The documents in this collection are exactly the same than in the collections mentioned above.

  • For a document that comes from the global collection:
{
	"_id" : ObjectId("5ea49768865a48ecca6d5ccb"),
	"uid" : 250,
	"country_iso2" : "FR",
	"country_iso3" : "FRA",
	"country_code" : 250,
	"country" : "France",
	"combined_name" : "France",
	"population" : 65273512,
	"loc" : {
		"type" : "Point",
		"coordinates" : [
			2.2137,
			46.2276
		]
	},
	"date" : ISODate("2020-04-24T00:00:00Z"),
	"confirmed" : 158636,
	"deaths" : 22245,
	"recovered" : 43493
}
  • For a document that comes from the us_only collection:
{
	"_id" : ObjectId("5ea4976b865a48ecca70df4d"),
	"uid" : 84042101,
	"country_iso2" : "US",
	"country_iso3" : "USA",
	"country_code" : 840,
	"fips" : 42101,
	"county" : "Philadelphia",
	"state" : "Pennsylvania",
	"country" : "US",
	"combined_name" : "Philadelphia, Pennsylvania, US",
	"population" : 1584064,
	"loc" : {
		"type" : "Point",
		"coordinates" : [
			-75.1379,
			40.0034
		]
	},
	"date" : ISODate("2020-04-24T00:00:00Z"),
	"confirmed" : 11877,
	"deaths" : 449
}
  • For the special document that comes from the global collection and represents the US entire country (the one with the trick):
{
	"_id" : ObjectId("5ea49768865a48ecca6d84d1"),
	"uid" : 840,
	"country_iso2" : "US",
	"country_iso3" : "USA",
	"country_code" : 840,
	"country" : "US",
	"combined_name" : "US",
	"population" : 329466283,
	"loc" : {
		"type" : "Point",
		"coordinates" : [
			-100,
			40
		]
	},
	"date" : ISODate("2020-04-24T00:00:00Z"),
	"recovered" : 99079
}

Just pay attention: the documents which come from the US detailed source don't have a recovered field because JHU doesn't provide this data. Only the documents (one for each date) that represents the US at a country level contain the recovered field.

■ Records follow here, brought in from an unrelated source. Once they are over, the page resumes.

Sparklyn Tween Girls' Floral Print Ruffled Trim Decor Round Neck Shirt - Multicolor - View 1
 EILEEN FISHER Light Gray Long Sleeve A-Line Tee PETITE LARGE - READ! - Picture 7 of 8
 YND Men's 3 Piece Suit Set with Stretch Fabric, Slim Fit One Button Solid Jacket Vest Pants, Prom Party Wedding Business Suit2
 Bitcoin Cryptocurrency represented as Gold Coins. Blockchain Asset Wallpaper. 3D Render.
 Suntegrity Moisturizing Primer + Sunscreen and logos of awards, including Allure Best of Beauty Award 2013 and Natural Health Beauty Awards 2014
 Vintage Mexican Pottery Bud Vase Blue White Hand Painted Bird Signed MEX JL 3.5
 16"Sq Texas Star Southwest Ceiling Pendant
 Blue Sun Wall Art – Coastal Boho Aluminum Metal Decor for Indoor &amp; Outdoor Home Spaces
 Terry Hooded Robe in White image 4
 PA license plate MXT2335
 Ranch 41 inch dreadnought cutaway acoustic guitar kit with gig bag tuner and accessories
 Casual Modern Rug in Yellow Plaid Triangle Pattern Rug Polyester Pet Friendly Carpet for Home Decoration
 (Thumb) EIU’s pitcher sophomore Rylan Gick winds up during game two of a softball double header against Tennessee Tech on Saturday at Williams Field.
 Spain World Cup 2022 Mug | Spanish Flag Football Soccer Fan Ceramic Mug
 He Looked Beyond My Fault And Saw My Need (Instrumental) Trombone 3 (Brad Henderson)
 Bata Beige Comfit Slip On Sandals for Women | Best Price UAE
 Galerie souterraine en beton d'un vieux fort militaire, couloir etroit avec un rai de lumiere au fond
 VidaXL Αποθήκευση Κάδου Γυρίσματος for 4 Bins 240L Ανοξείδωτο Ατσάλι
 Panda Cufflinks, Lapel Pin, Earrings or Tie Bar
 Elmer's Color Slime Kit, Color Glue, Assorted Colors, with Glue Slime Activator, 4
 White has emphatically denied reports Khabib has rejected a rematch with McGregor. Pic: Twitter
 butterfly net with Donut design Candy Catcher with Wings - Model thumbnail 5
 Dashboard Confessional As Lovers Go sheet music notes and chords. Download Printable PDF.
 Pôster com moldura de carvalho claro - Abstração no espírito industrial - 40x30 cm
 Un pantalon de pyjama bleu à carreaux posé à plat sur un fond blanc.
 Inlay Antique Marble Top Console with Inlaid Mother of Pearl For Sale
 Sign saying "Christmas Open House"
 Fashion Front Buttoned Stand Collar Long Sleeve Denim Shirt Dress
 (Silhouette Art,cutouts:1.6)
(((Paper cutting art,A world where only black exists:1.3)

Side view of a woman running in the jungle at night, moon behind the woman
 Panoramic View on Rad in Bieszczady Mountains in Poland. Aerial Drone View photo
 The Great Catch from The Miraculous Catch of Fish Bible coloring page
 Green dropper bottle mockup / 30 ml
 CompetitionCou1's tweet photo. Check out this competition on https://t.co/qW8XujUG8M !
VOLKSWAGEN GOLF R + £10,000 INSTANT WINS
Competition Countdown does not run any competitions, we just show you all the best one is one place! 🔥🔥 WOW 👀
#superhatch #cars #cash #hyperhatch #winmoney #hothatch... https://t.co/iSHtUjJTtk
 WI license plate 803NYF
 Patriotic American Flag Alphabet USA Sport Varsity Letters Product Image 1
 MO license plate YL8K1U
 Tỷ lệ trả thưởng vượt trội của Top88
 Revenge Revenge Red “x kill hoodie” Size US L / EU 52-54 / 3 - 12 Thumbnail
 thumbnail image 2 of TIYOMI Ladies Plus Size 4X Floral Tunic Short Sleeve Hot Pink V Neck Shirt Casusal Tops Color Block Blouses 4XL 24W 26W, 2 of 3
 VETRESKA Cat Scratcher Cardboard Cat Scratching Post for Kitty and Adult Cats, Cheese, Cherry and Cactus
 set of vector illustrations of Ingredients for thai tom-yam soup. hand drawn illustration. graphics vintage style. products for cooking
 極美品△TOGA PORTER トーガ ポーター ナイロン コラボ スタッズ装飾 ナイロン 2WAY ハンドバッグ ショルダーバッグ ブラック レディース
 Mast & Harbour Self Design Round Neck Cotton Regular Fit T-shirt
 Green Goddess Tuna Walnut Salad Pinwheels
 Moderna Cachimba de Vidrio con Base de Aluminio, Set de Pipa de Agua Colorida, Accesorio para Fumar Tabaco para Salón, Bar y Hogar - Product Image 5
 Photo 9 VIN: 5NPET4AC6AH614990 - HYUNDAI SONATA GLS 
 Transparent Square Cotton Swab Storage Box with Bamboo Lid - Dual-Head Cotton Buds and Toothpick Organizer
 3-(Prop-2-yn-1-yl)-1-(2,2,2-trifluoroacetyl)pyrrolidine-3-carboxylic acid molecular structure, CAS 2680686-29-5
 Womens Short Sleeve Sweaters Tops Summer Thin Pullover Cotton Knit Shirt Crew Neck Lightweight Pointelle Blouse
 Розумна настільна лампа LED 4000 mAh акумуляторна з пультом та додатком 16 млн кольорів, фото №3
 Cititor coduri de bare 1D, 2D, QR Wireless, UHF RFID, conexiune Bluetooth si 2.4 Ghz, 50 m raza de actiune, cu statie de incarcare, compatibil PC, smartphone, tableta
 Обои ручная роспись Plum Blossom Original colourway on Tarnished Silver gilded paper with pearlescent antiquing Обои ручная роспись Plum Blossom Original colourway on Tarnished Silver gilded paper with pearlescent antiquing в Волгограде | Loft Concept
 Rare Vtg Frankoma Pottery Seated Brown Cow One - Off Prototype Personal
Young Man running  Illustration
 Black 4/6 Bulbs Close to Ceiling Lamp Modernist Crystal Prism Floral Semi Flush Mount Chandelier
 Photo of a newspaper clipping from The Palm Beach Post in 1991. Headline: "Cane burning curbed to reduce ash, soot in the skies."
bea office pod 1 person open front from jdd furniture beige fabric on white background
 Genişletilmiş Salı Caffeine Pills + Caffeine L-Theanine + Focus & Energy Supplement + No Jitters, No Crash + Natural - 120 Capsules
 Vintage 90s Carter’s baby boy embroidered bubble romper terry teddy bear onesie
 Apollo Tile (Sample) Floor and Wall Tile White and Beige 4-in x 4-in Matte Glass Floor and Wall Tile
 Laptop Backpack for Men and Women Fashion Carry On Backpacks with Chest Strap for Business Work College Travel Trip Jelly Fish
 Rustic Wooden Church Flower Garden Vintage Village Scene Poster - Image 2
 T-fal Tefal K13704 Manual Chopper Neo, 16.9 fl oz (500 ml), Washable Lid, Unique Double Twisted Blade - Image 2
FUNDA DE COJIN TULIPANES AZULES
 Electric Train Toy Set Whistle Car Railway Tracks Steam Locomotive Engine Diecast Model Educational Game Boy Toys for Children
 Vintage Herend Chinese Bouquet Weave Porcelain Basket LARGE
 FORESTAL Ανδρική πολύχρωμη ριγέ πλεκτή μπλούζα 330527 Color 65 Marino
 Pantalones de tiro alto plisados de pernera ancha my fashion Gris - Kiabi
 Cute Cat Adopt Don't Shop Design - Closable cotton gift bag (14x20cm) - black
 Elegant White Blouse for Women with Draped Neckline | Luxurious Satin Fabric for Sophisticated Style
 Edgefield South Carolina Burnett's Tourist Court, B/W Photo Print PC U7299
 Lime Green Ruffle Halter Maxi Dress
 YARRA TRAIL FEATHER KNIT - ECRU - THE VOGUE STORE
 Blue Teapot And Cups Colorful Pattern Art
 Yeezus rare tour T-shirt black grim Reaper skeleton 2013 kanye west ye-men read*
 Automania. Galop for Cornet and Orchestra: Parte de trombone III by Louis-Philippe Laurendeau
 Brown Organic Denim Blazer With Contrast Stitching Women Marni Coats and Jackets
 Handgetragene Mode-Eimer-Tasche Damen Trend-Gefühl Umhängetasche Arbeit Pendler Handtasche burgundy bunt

Also JHU doesn't provide the recovered count for all the countries and states in the global files.

In this collection, we have (nb_entries(time_series_covid19_confirmed_global.csv) + nb_entries(time_series_covid19_confirmed_global.csv)) * number_days.

Dabatase covid19jhu

This database contains the raw CSV files imported with the mongoimport tool.

This database is updated by the 1-mongoimport-everything.sh in the data-import folder.

This script imports all the files matching these names with wildcards:

  • jhu/csse_covid_19_data/csse_covid_19_daily_reports/*.csv
  • jhu/csse_covid_19_data/csse_covid_19_daily_reports_us/*.csv
  • jhu/csse_covid_19_data/csse_covid_19_time_series/*.csv
  • jhu/csse_covid_19_data/UID_ISO_FIPS_LookUp_Table.csv

And it creates these collections:

  • Errata
  • UID_ISO_FIPS_LookUp_Table
  • daily
  • daily_us
  • time_series_covid19_confirmed_US
  • time_series_covid19_confirmed_global
  • time_series_covid19_deaths_US
  • time_series_covid19_deaths_global
  • time_series_covid19_recovered_global

Note: These collections are not clean and the schema designs are not great to work with because they come from raw and flat CSV files but at least they contain exactly what JHU is delivering.